Data section START

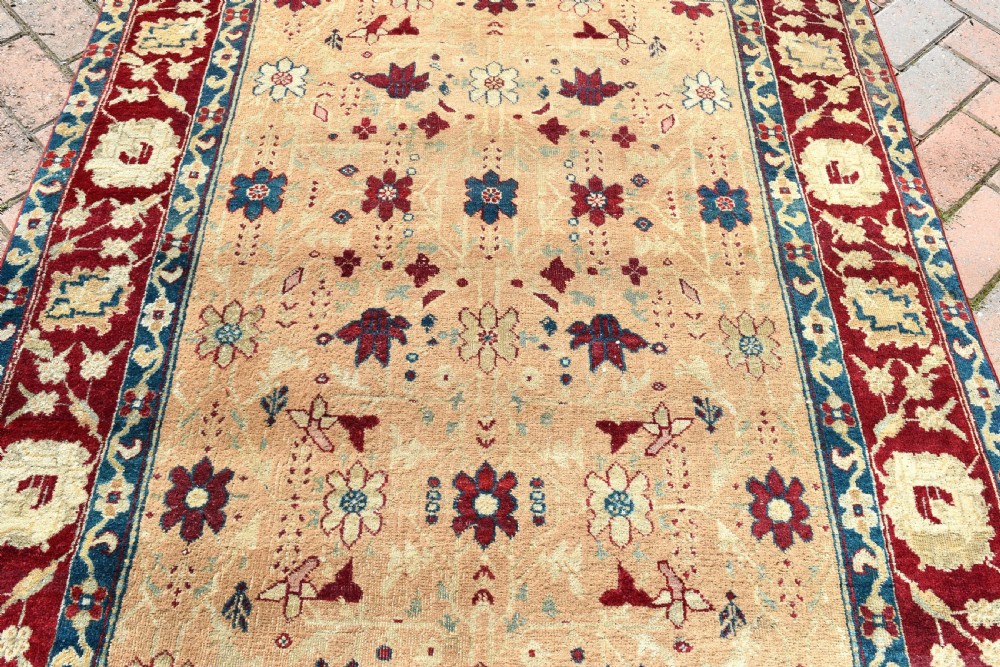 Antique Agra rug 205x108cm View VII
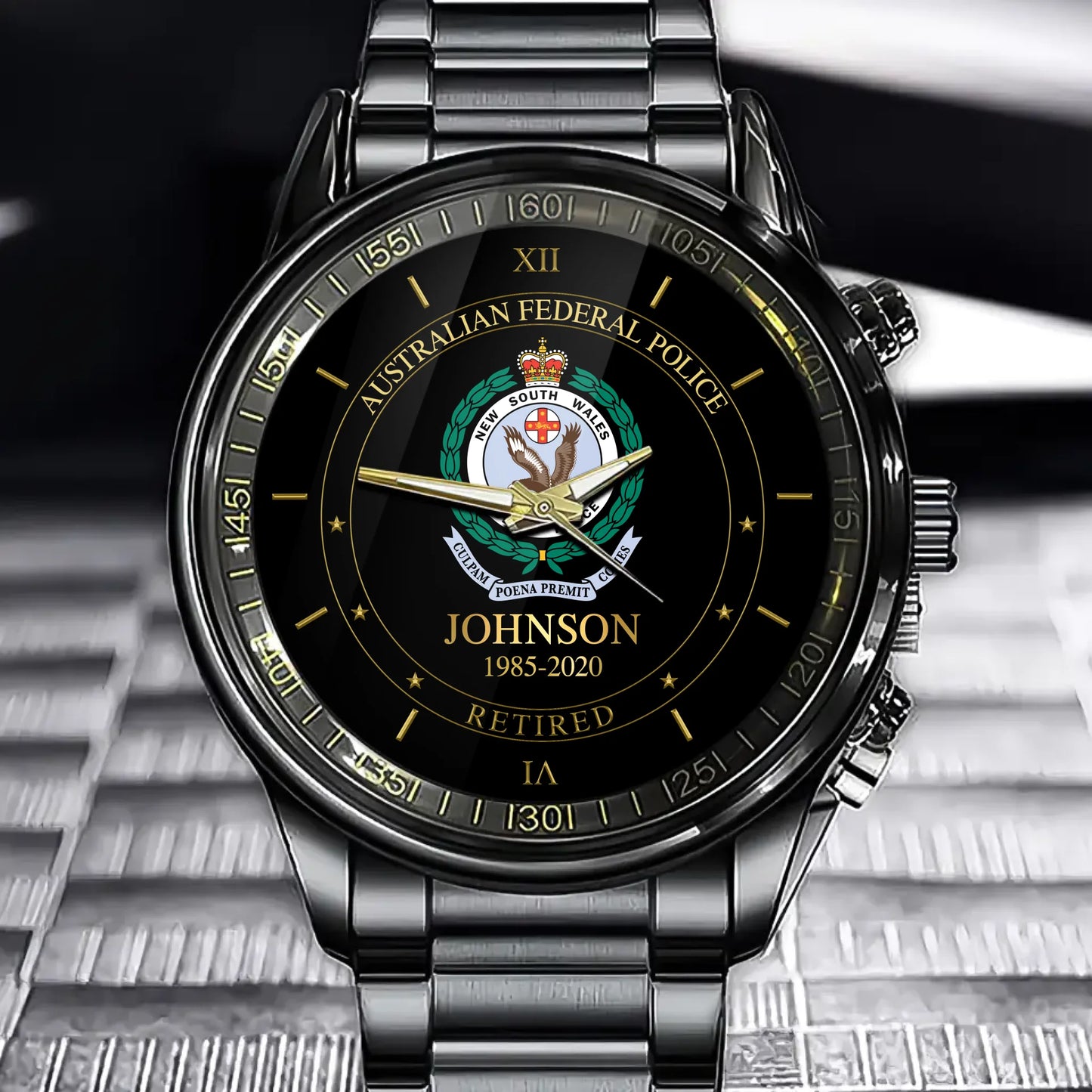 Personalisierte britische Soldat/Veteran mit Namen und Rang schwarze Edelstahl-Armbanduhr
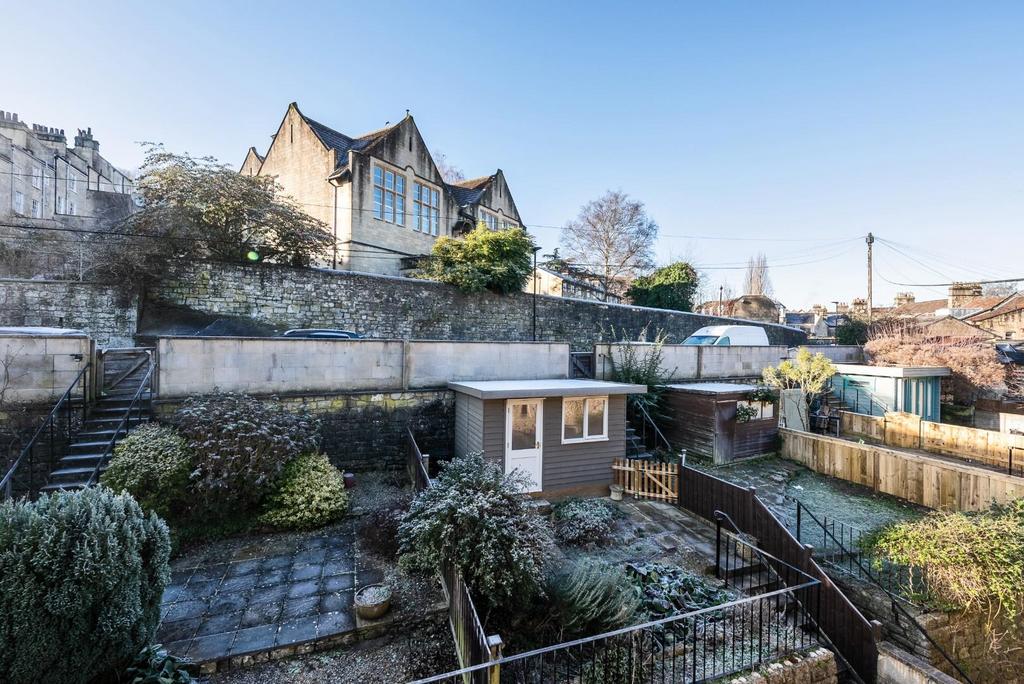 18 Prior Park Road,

Data section END

Please write out all of the data verbatim, with no pictures in the copy.

 Antique Agra rug 205x108cm View VII
 Personalisierte britische Soldat/Veteran mit Namen und Rang schwarze Edelstahl-Armbanduhr
 18 Prior Park Road,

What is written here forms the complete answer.